O dinheiro aplicado no STJ, de acordo com o deputado, daria para o governo construir 40 conjuntos habitacionais, com 500 casas em cada um deles. Quanto ao fórum de São Paulo, Giovanni Queiroz disse aos senadores que começou a denunciar o superfaturamento em 1994, na Comissão Mista do Orçamento, mas que não conseguiu ser ouvido.
Os integrantes da CPI aceitaram a proposta do senador José Agripino Maia (PFL-RS), de agir para criar no País um cadastro nacional com o preço de obras, na tentativa de impedir que recursos públicos continuem sendo desviados em projetos superfaturados. O deputado Giovanni Queiroz entregou à comissão um relatório com informações sobre nove obras públicas superfaturadas. Entre elas está a duplicação da Rodovia Fernão Dias, que liga São Paulo a Minas Gerais. Segundo ele, o custo do quilômetro em Minas, especificado no Orçamento de 1977, é de R$867 mil, enquanto que do lado paulista o preço do quilômetro sobe para R$3,5 milhões, sem que haja nenhum fato, como viadutos ou aterros, que justifique a diferença.

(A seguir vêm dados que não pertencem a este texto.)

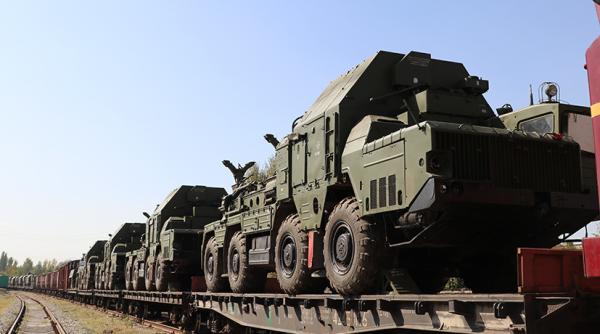 Afluxul de rachete și sisteme S-300 rusești către Ucraina ar putea indica trecerea la o nouă fază a luptelor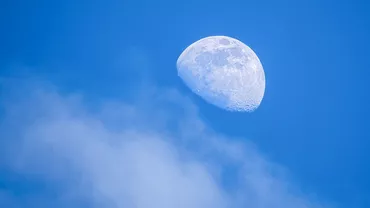 De ce se vede luna si pe timp de zi Cercetatorii au explicat fenomenul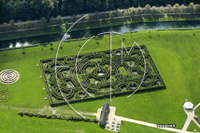   - photo - Chantilly (Le nouveau labyrinthe du Hameau du parc du Château de Chantilly)
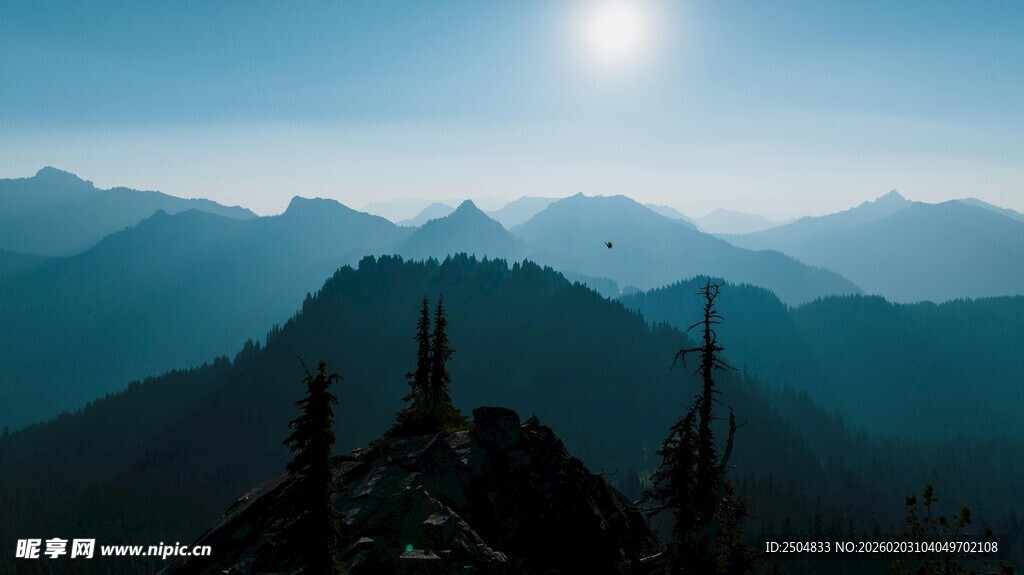 山巅之上的壮丽日出景观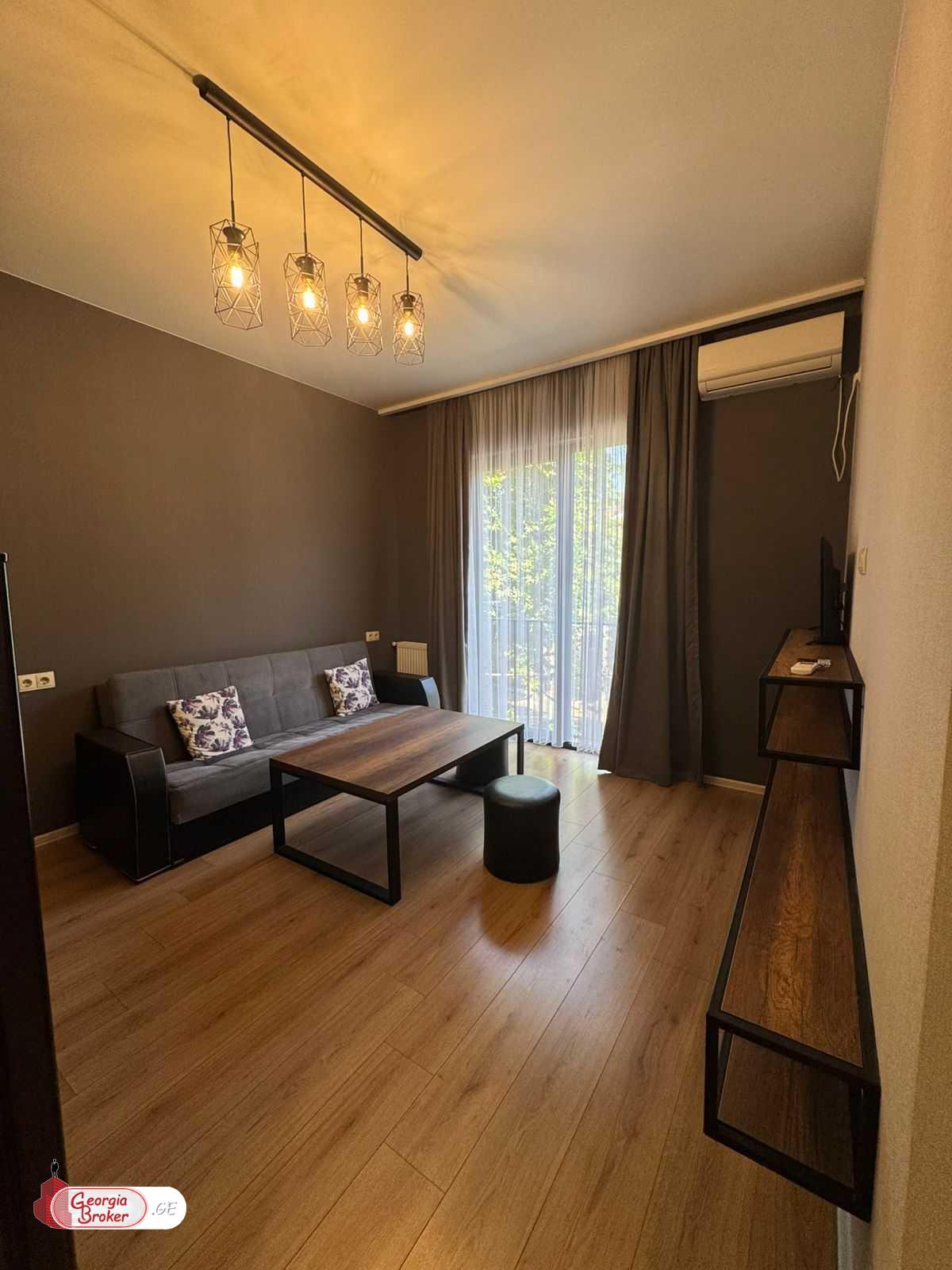 nearly repaired 2-room apartment for sale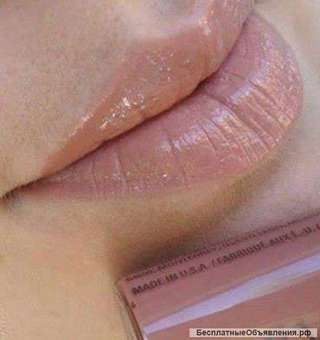 Блеск для губ Nourishine Plus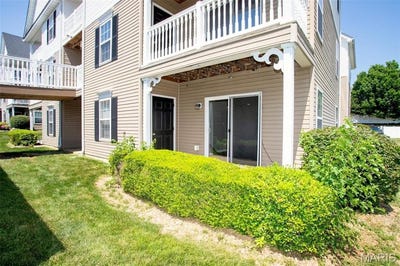 /international/us/15103-spring-creek-lane-o-fallon-mo-110108936515/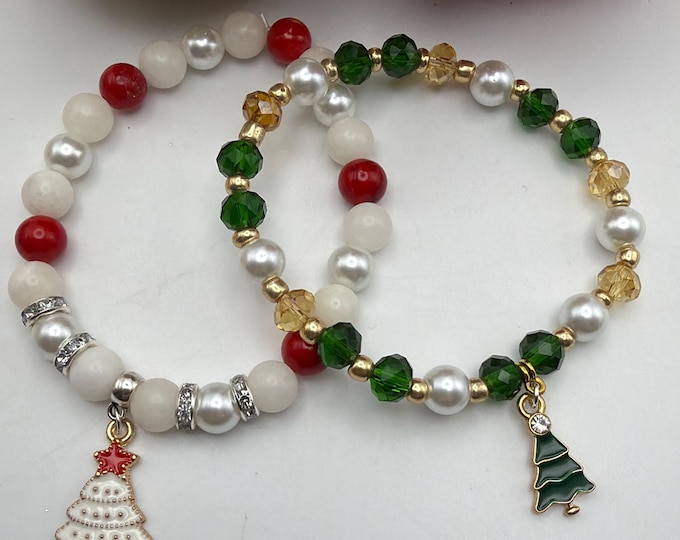 Christmas Tree Charm Bracelet: Pearl Bead Holiday Jewelry | Christmas Bracelet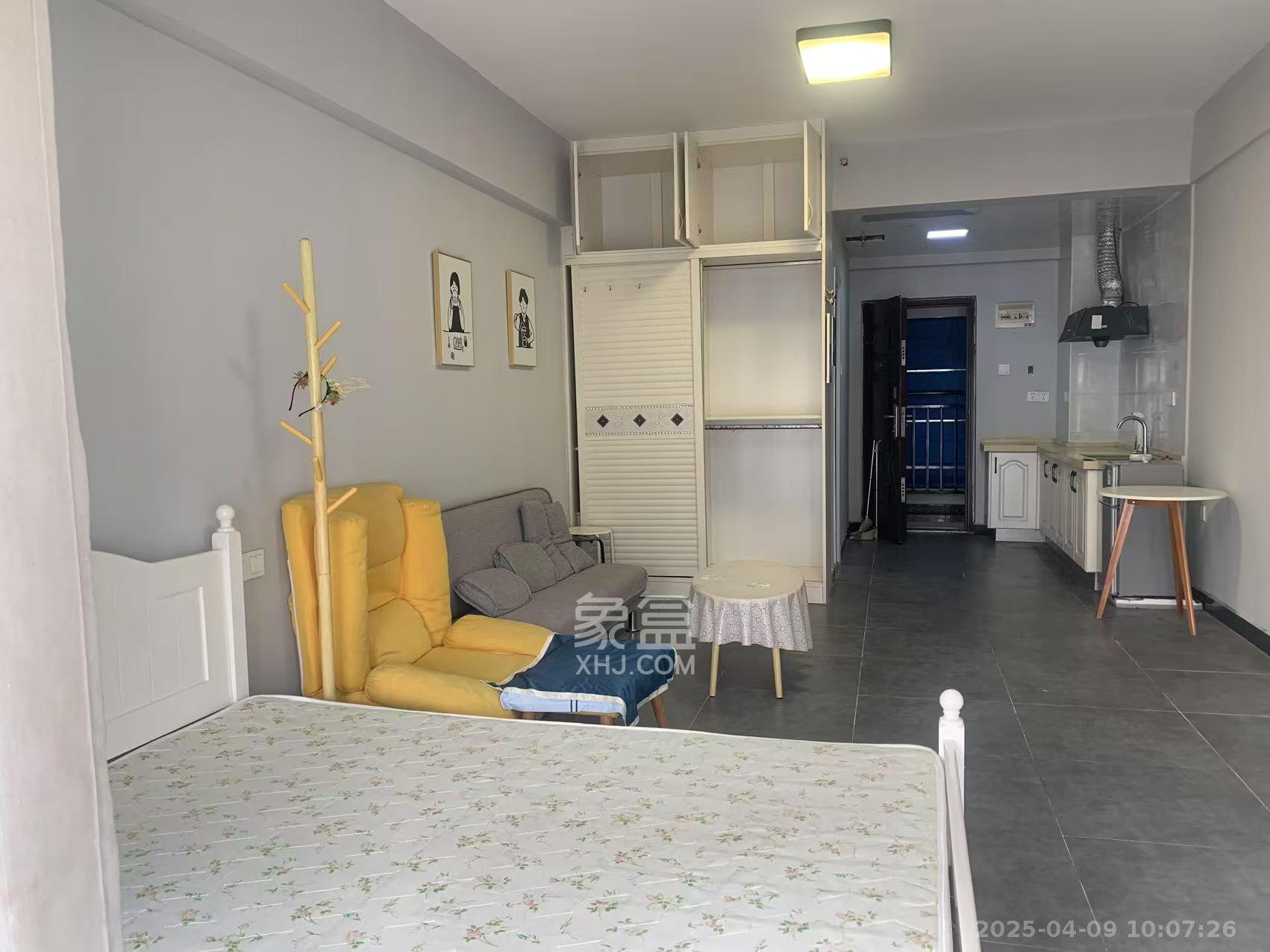 中建芙蓉嘉苑  1室1厅1卫    1000.0元/月 中建芙蓉嘉苑  1室1厅1卫    1000.0元/月室内图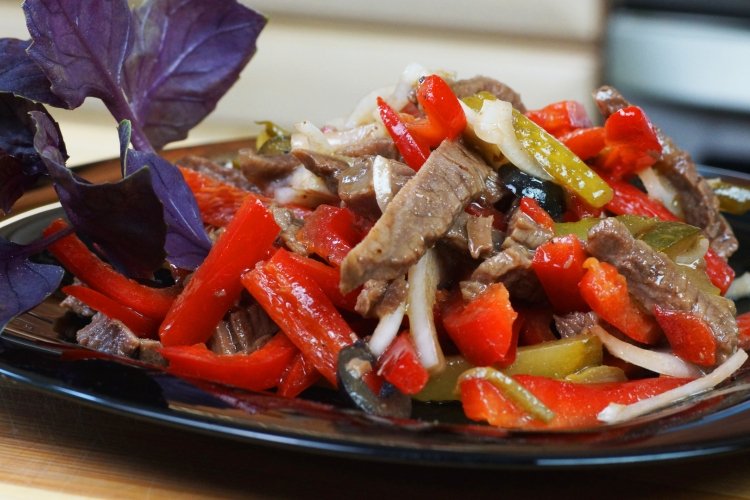 Salad with beef, pickles and bell pepper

Para o presidente do Senado, Antonio Carlos Magalhães (PFL-BA), essas denúncias mostram que o superfaturamento também existe em outros poderes, além do Judiciário. "É preciso que os valores do Orçamento sejam mais reais para acabar com ralos e mais ralos existentes em todo o País", defendeu. Também no Orçamento de 1977, o deputado disse que conseguiu aprovar uma emenda reduzindo o custo médio de obras feitas nos edifícios do Banco Central de Curitiba, Recife, Porto Alegre, Salvador e Rio de Janeiro de R$900 para R$750 pelo metro quadrado. "E isso ainda era uma exorbitância pelo projeto que se desejava fazer", alegou.
A CPI volta a se reunir na próxima terça-feira, para ouvir o depoimento do ex-presidente do Tribunal Regional do Trabalho, Nicolau dos Santos Neto, acusado de desviar boa parte dos 263,9 milhões liberados para as obras do fórum trabalhista do Estado. Ele deveria ter prestado depoimento hoje, mas conseguiu o adiamento, depois de apresentar um atestado médico.
O presidente da CPI, senador Ramez Tebet (PMDB-MS), garantiu que ele não vai escapar da convocação. "Se ele não vier, vamos buscá-lo com a Polícia Federal", adiantou o vice-presidente da comissão, Carlos Wilson.